Work order:
Find "大金多联机e2故障怎么办？-第1张图片-索能光电网" below and begin at its line; stop after the line with "Solved 2) For". Output those lines exactly, without pictures.

Listed records:
● ● ● ● ●

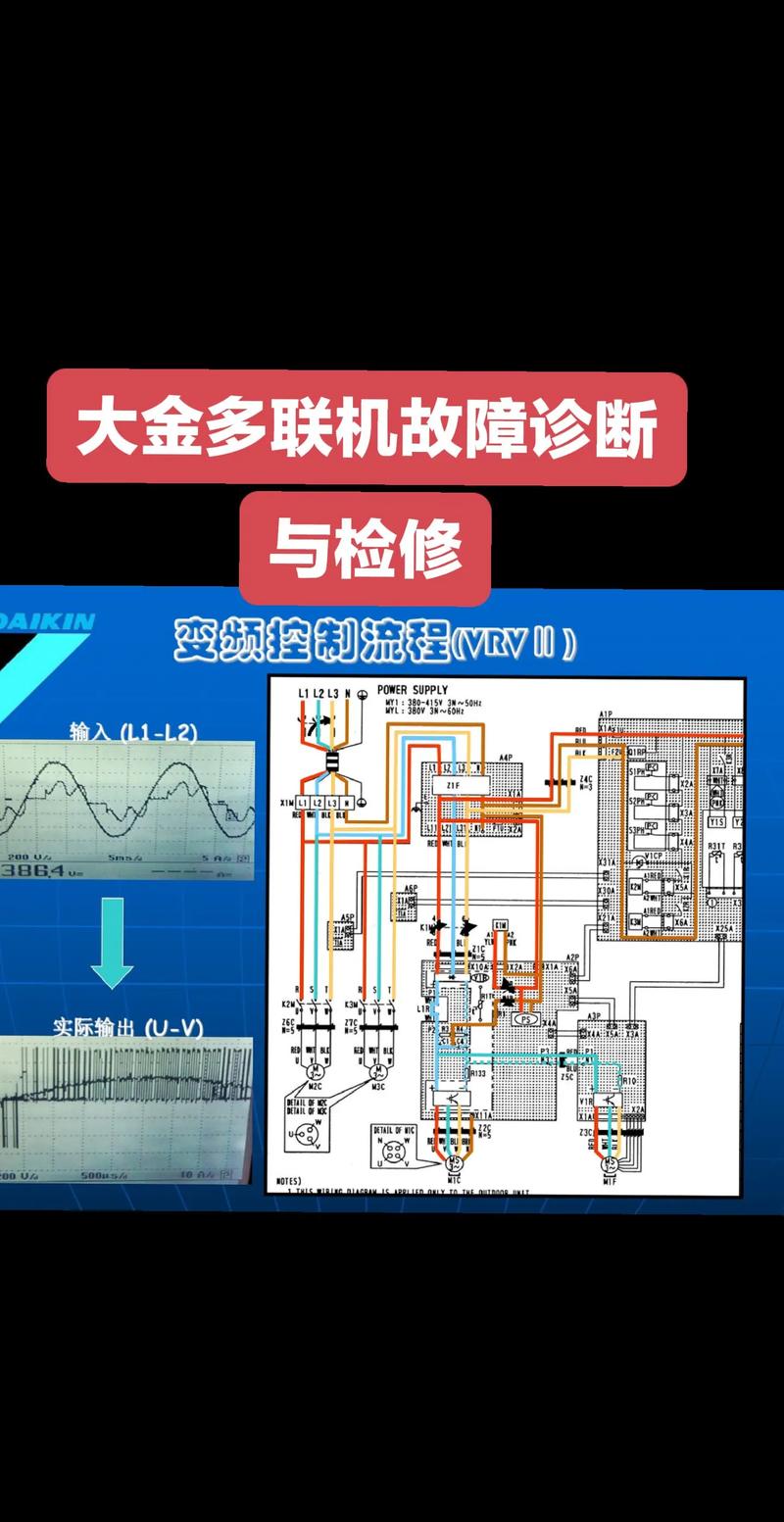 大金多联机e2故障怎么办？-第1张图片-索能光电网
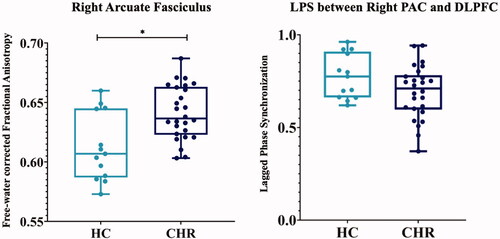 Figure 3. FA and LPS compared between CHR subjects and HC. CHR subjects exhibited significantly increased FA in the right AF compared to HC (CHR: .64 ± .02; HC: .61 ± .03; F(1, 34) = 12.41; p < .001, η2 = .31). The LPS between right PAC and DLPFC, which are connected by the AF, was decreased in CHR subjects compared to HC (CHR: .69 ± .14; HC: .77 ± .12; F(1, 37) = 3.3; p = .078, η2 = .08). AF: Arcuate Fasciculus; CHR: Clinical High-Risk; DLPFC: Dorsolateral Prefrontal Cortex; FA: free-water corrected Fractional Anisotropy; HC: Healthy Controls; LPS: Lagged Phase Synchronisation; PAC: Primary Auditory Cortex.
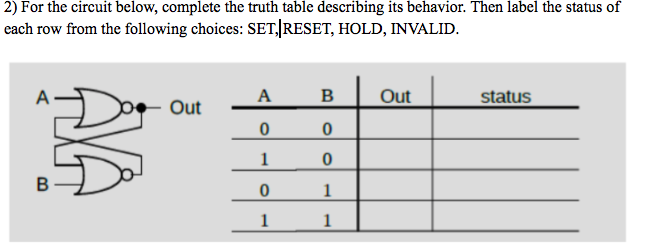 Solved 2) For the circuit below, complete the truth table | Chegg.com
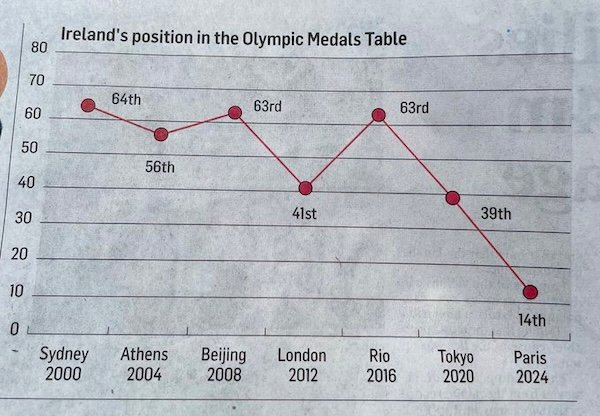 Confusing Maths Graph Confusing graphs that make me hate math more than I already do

● ● ● ● ●

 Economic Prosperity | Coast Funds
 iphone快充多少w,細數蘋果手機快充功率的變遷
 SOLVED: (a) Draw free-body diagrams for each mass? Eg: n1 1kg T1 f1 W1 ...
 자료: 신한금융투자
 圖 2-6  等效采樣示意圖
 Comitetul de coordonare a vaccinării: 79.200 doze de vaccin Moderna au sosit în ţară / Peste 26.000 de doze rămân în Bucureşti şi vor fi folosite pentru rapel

● ● ● ● ●

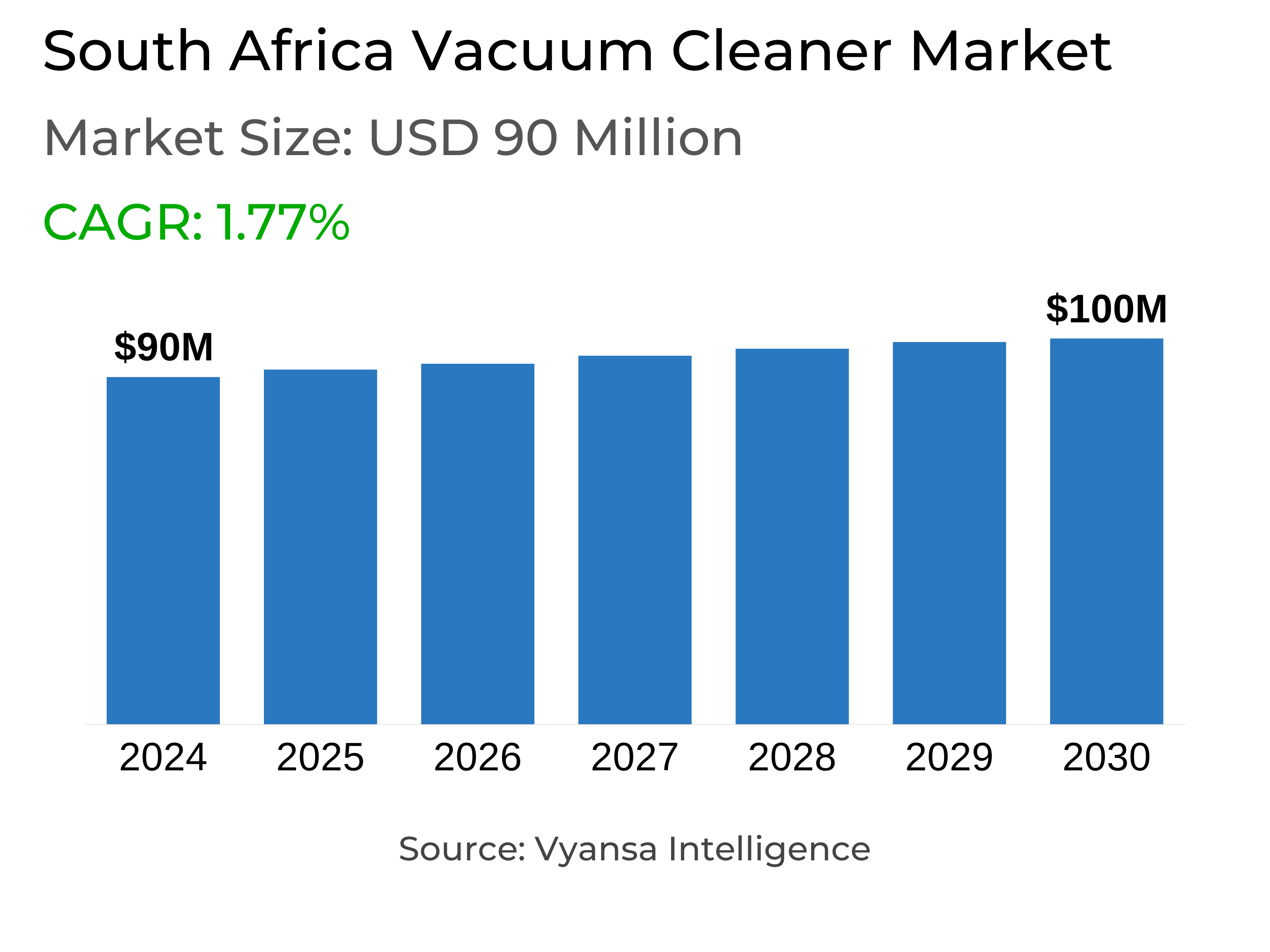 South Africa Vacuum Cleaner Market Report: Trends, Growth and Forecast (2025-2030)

● ● ● ● ●

Output of the task:
 大金多联机e2故障怎么办？-第1张图片-索能光电网
 Figure 3. FA and LPS compared between CHR subjects and HC. CHR subjects exhibited significantly increased FA in the right AF compared to HC (CHR: .64 ± .02; HC: .61 ± .03; F(1, 34) = 12.41; p < .001, η2 = .31). The LPS between right PAC and DLPFC, which are connected by the AF, was decreased in CHR subjects compared to HC (CHR: .69 ± .14; HC: .77 ± .12; F(1, 37) = 3.3; p = .078, η2 = .08). AF: Arcuate Fasciculus; CHR: Clinical High-Risk; DLPFC: Dorsolateral Prefrontal Cortex; FA: free-water corrected Fractional Anisotropy; HC: Healthy Controls; LPS: Lagged Phase Synchronisation; PAC: Primary Auditory Cortex.
 Solved 2) For the circuit below, complete the truth table | Chegg.com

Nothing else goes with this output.